**WHAT THE TASK REQUIRES:**
Which lines in the data below contain the string "Print"? Show each one.

Stored data entries:
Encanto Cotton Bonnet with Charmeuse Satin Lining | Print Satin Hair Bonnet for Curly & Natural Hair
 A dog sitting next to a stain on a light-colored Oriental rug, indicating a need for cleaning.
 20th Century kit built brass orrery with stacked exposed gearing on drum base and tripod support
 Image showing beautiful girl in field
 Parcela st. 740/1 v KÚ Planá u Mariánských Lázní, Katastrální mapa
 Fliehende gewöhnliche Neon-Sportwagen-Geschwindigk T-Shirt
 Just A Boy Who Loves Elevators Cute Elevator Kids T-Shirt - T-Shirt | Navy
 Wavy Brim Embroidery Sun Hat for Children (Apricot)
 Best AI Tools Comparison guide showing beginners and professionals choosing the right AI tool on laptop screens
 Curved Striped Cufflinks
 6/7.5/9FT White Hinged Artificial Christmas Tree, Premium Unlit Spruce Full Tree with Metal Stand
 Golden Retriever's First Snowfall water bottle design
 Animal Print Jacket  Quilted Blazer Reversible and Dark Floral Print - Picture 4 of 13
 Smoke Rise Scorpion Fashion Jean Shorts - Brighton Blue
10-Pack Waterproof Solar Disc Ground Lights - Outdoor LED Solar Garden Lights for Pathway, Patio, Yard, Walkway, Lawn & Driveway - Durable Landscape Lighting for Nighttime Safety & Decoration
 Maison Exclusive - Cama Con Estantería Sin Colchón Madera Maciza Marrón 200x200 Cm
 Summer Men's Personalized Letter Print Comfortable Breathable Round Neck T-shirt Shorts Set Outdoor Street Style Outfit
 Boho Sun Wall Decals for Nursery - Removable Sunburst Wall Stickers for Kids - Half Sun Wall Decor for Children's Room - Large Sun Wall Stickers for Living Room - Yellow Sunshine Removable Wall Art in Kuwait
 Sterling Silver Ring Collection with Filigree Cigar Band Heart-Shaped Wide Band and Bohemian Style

**SOLUTION BELOW:**
Encanto Cotton Bonnet with Charmeuse Satin Lining | Print Satin Hair Bonnet for Curly & Natural Hair
 Animal Print Jacket  Quilted Blazer Reversible and Dark Floral Print - Picture 4 of 13
 Summer Men's Personalized Letter Print Comfortable Breathable Round Neck T-shirt Shorts Set Outdoor Street Style Outfit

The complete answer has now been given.